*** Source records Section Begins ***

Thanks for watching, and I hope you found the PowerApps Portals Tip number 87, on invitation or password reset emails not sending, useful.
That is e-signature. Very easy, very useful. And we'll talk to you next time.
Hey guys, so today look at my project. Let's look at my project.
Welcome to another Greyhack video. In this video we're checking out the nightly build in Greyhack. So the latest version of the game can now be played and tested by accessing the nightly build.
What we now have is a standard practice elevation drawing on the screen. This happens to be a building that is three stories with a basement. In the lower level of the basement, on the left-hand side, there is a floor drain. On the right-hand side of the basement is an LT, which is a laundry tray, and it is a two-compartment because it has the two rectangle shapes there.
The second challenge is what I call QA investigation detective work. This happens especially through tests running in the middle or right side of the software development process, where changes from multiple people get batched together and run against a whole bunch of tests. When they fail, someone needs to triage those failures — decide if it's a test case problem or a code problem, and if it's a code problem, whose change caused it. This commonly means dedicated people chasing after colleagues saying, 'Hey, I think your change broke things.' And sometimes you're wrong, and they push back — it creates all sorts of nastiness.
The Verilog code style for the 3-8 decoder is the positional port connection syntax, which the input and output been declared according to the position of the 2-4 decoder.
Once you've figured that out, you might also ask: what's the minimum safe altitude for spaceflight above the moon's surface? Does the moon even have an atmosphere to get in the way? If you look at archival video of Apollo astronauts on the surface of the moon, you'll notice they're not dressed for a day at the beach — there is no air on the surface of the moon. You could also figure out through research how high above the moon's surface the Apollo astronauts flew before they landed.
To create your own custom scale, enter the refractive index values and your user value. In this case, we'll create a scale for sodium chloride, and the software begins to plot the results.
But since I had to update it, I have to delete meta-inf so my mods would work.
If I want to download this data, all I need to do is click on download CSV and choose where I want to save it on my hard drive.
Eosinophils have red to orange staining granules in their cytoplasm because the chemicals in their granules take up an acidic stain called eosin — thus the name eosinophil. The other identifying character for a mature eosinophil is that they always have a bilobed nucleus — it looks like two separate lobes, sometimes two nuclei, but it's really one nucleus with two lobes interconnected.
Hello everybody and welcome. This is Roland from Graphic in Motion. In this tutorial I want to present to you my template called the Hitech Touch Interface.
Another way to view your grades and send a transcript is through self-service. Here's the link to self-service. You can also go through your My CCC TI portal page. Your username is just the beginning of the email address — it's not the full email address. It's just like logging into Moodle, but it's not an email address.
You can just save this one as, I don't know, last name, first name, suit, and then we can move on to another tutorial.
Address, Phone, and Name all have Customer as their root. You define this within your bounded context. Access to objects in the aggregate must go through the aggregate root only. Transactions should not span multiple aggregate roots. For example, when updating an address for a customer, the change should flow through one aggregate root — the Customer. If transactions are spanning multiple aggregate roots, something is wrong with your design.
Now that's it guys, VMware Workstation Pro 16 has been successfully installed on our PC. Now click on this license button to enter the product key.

*** Source records Section Ends ***

* **Exercise aim**: Each line in the data that has the word "been" counts once; state how many such lines there are, without comment.

* **Answer area**: 2